(Collected data)
--------

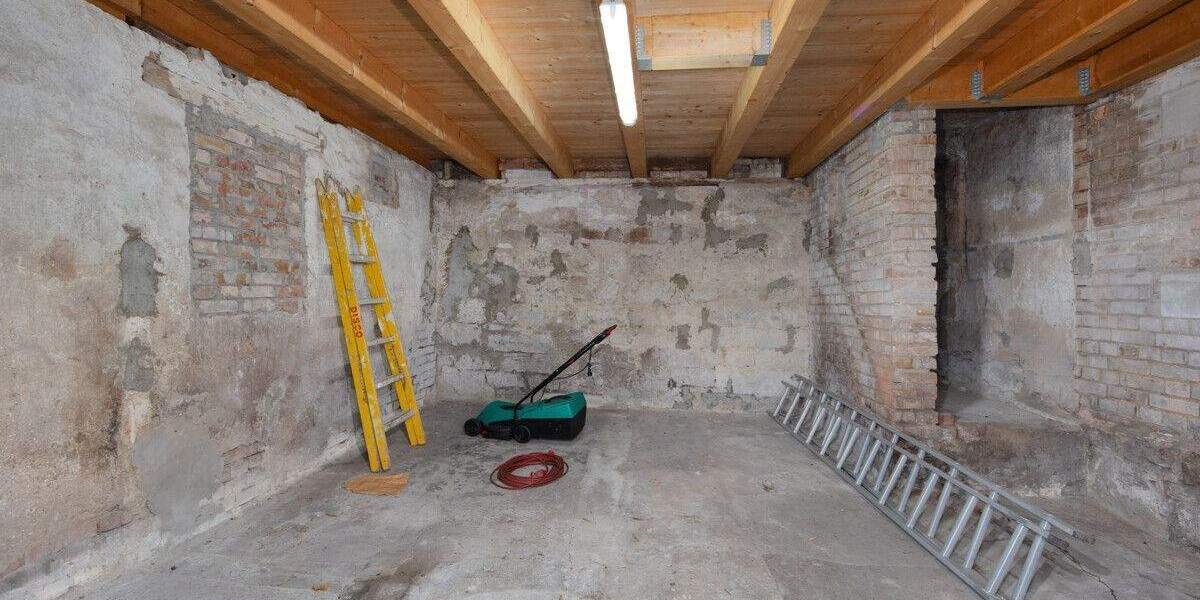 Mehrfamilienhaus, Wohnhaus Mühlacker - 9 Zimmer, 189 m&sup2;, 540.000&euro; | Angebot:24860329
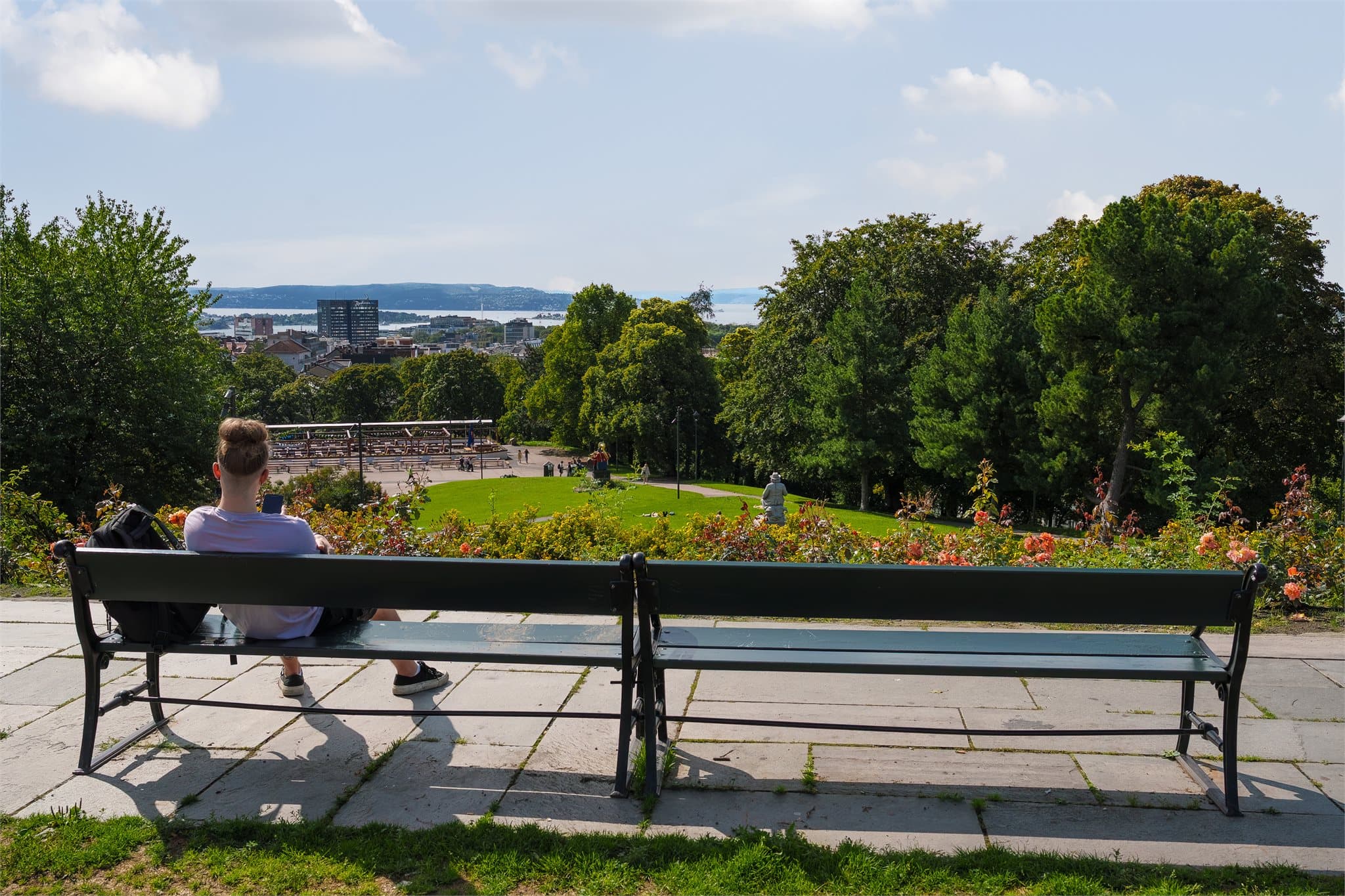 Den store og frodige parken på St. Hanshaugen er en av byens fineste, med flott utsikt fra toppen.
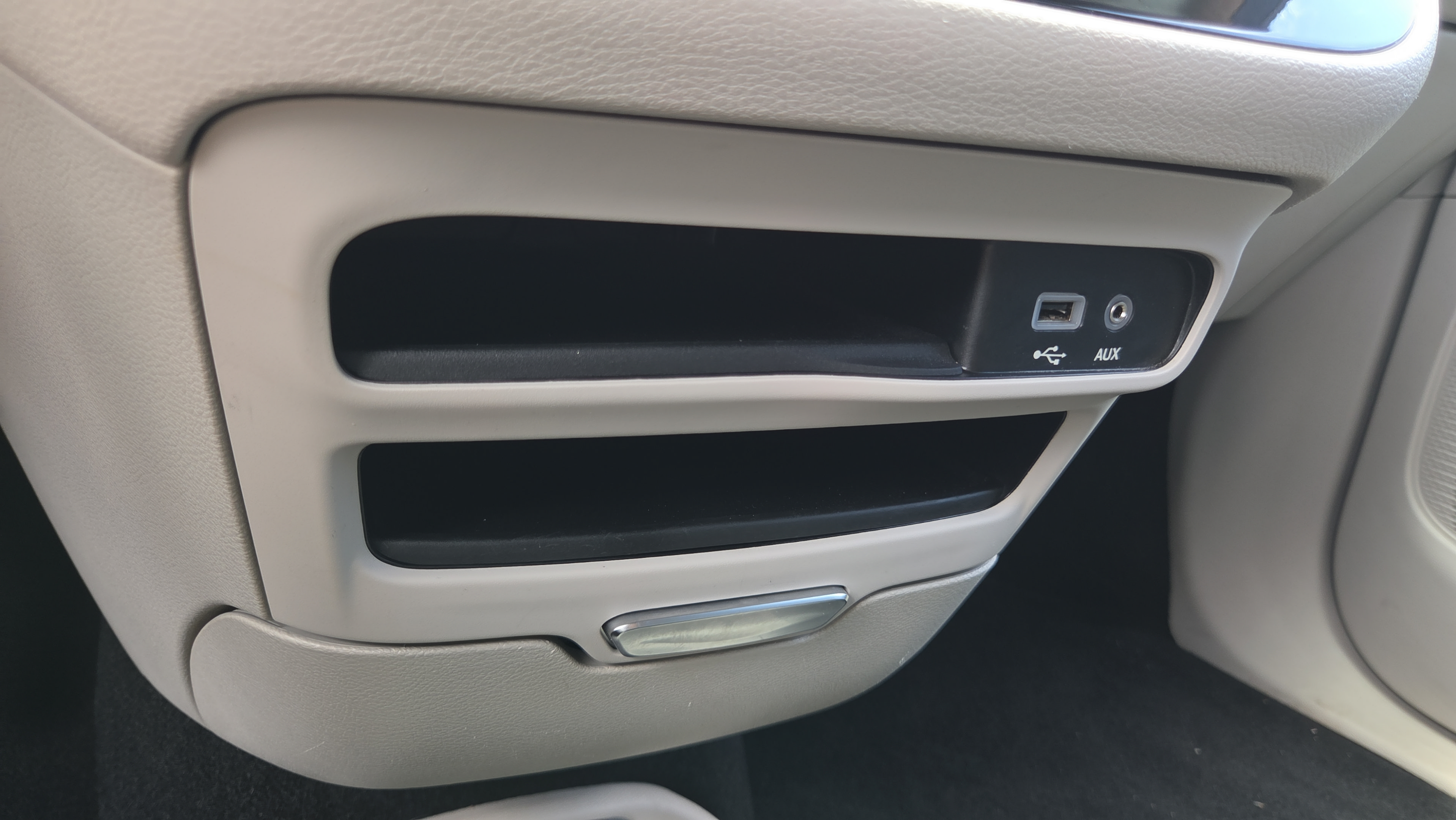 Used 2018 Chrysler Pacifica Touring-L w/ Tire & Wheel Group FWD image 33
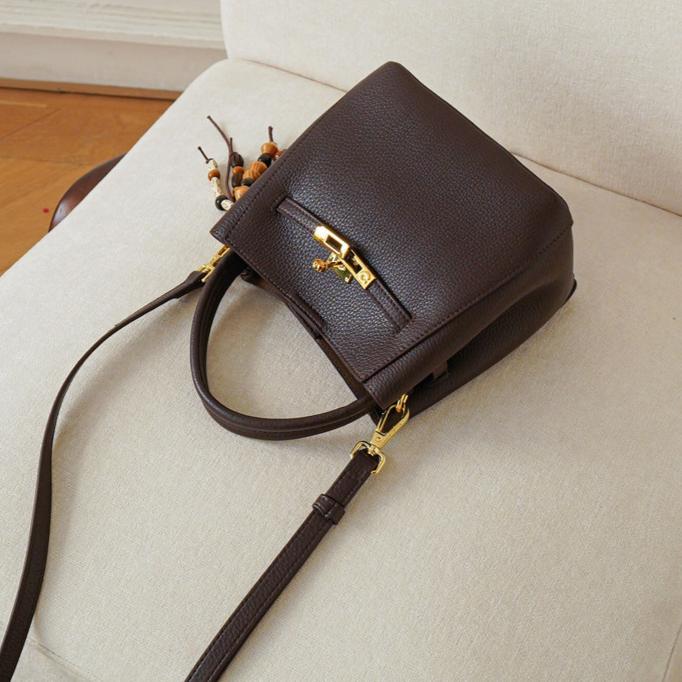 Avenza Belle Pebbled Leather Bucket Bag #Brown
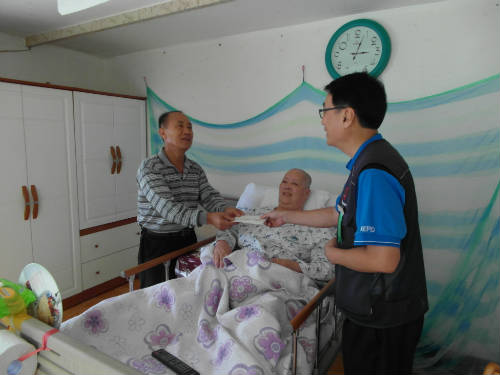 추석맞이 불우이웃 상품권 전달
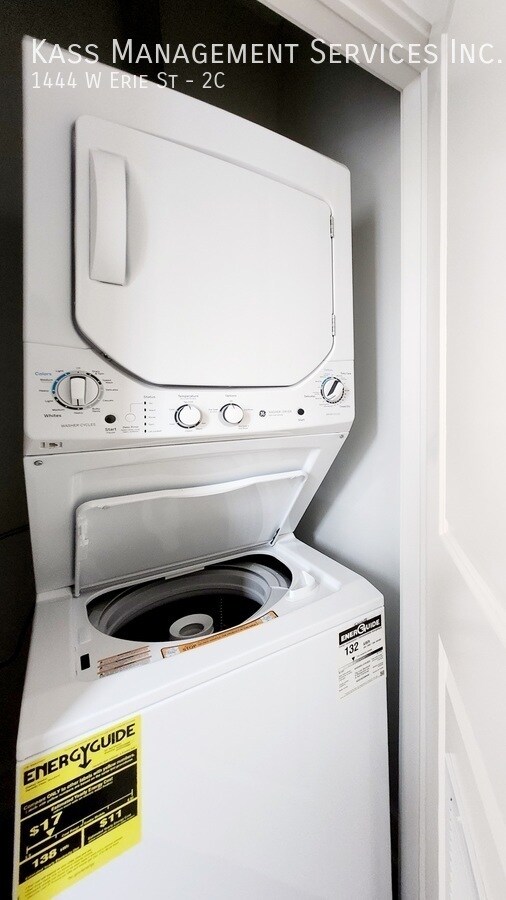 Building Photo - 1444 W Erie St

--------

▶ [What the task asks]:
Before printing anything, remove the pictures; then print all the records exactly.

▶ [Output for this task]:
 Mehrfamilienhaus, Wohnhaus Mühlacker - 9 Zimmer, 189 m&sup2;, 540.000&euro; | Angebot:24860329
 Den store og frodige parken på St. Hanshaugen er en av byens fineste, med flott utsikt fra toppen.
 Used 2018 Chrysler Pacifica Touring-L w/ Tire & Wheel Group FWD image 33
 Avenza Belle Pebbled Leather Bucket Bag #Brown
 추석맞이 불우이웃 상품권 전달
 Building Photo - 1444 W Erie St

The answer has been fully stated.